On mésestime souvent la capacité que possède la musique classique à se renouveler. Elle vit, elle évolue et s’adapte à chaque époque qu’elle traverse.
Le 22 mars dernier, j’ai eu la chance d’écouter une programmation des plus attrayantes à la Salle Pleyel : « Too Hot Toccata » d’Aaron Jay Kernis, le « Concerto en Fa » de George Gershwin et la « Symphonie du Nouveau Monde » d’Antonin Dvořák, le tout interprété par l’Orchestre Pasdeloup et dirigé par le jeune chef Christophe Altstaedt.
Le concert a donc débuté par une mise en bouche du trop méconnu « Too Hot Toccata » composé en 1996. Commandité par le Saint Paul Chambers Orchestra, c’est une musique compulsive, facile à aborder, avec des accents jazzy. Dans cette oeuvre, le compositeur contemporain -violoniste de formation – Aaron Jay Kernis est un spécialiste des cordes et les utilise tel un spectre dansant qui s’amuse avec chaque section de l’orchestre.
Après un bref ré-accord de l’orchestre, le batteur David Pouradier Duteil, le contrebassiste Yves Torchinsky et le vibraphoniste Franck Tortiller entrent comme des rois, sous les applaudissements d’un public très impatient. Le trio de jazz s’installe bien au chaud entre les premiers et les seconds violons, non loin du chef d’orchestre. Les quelques coups de timbales du début de l’Allegro suffisent à capter toute l’attention de la salle.
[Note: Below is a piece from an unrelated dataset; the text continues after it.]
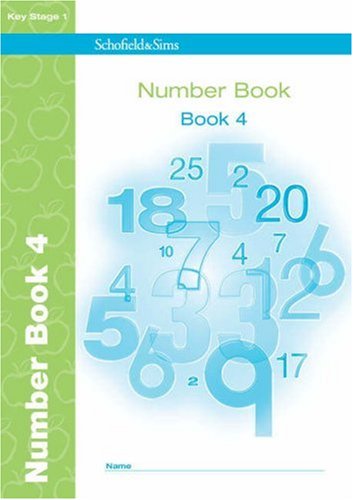 Number Book (The Number Books)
Franck Tortiller, aussi concentré que décontracté, lance un vif regard à l’orchestre, au chef, puis au public, pour enfin poser ses baguettes sur les lames de son vibraphone et entamer les premières notes. La magie opère instantanément, et c’est à ce moment là que l’on constate l’étendue des possibilités suggérée par la musique classique, qui se métamorphose là on où ne s’y attend pas.
Ici la version originale pour piano et orchestre
Dans cette nouvelle interprétation du concerto, joué pour la première fois en 2003, le fait que le vibraphone remplace le piano ajoute un côté « swing » qui nous rappelle à quel point Gershwin a influencé cette musique, de part ses couleurs et son orchestration.
Le trio lui rend donc un bel hommage grâce à ce mélange tout à fait pertinent, le compositeur ayant du respecter une forme et un esprit classiques du concerto malgré ses aspirations pour le jazz, et la boucle est bouclée !
Enfin, pour accompagner ces deux œuvres moins connues du grand public, l’ Orchestre Pasdeloup offre comme à son habitude, une parfaite prestation d’une pièce majeure du répertoire classique plus « traditionnel », avec cette fois, la « Symphonie du Nouveau Monde ». Les thèmes et solos sont joués dans des tempos assez tranquilles, de sorte à apprécier la beauté de ce monument, avec toujours la même émotion lors du second mouvement Largo et son fameux solo de cor anglais.
L’ Orchestre Pasdeloup interprétera le « Concerto pour violon » de Khatchaturian à la Salle Pleyel le 14 mai prochain, avec pour soliste le violoniste Nemanja Radulovic. Puis la « Symphonie n°2 » de Brahms, le tout dirigé par le chef Wolfgang Doerne.
Franck Tortiller vient quant à lui de sortir son nouvel album intitulé « La leçon des jours » (MCO).